While rightfully trivializing the nuisance Pakistan is, you mention that Delhi is Pakistan obsessed. But I still don’t understand why the fact that the political class being obsessed with Pakistan surprises a strategist such as yourself. As long as the voter-base has a west-facing display of Jingoism, one should expect the Babu’s to echo the same rhetoric. From Amit Shah’s (or Sonia Gandhi’s) perspective, the national interests take lower precedence in comparison to electability. Even Modi said “Jaise Bharat meri maa hai, waise BJP bhi meri maa hai”, while tearing up in a speech right before his term as PM commenced.

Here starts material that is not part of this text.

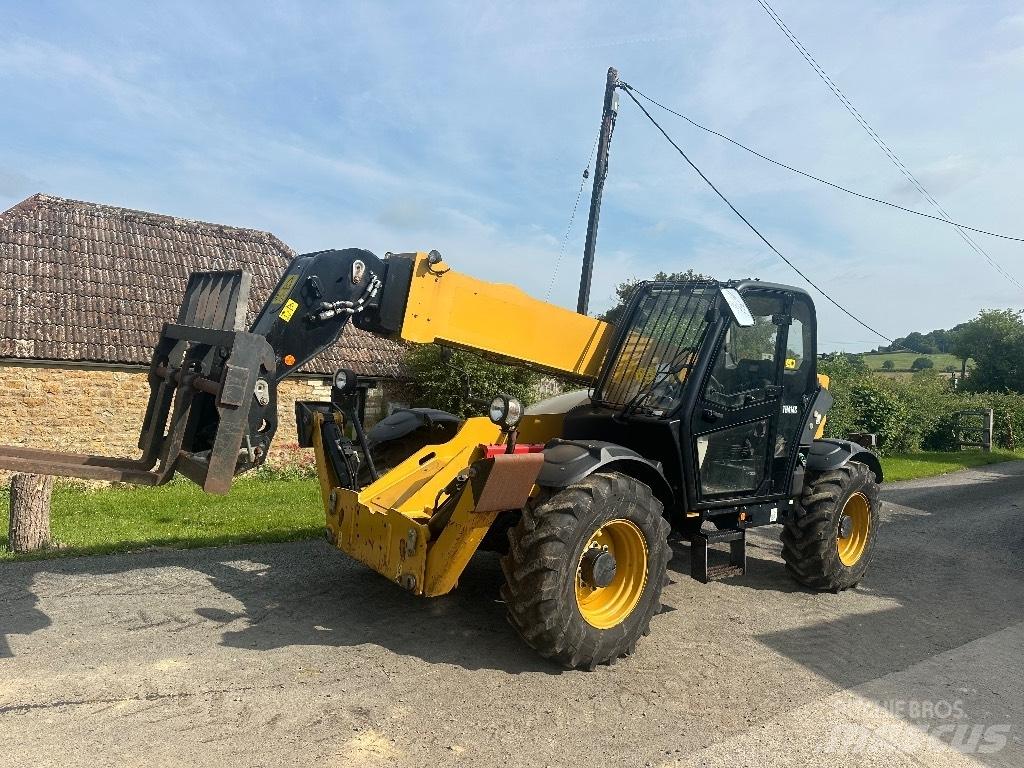 CAT TH 414 Телескопічні навантажувачі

This mindset is the reason why funds are trickled to Ambala instead of the much needed mountain divisions.
@ BharatKarnad
I see two deeper problems. Firstly, many Indians (especially over a certain age) still do not see themselves as Indians. Their self-identity is based in some combination of regionalism and jati politics. Contrast this with more successful countries where there is some concept of shared identity and destiny which transcends such older divisions. That is why India has (and always had) so many gungadins. massey sahibs and mir jaffars.
The broad socio-cultural structure encourages defection, and treachery for paltry and temporary gains. That is also why so many allegedly powerful people in India behave like grateful and subservient beggars in front of “phoren people” while simultaneously doing everything in their power to screw over their own countrymen. I don’t think that there is a non-messy way to fix this issue.
The second deep-seated issue concerns the education system in India, specifically its extreme emphasis on rote memorization, following instructions blindly, not asking questions and generally not allowing critical thought. The product of such a sad system is inevitably a person who “know” all the “right answers” but is incapable of independent or critical thought. Now imagine what happens if you hire those that excel under such an “education” system into decision making positions.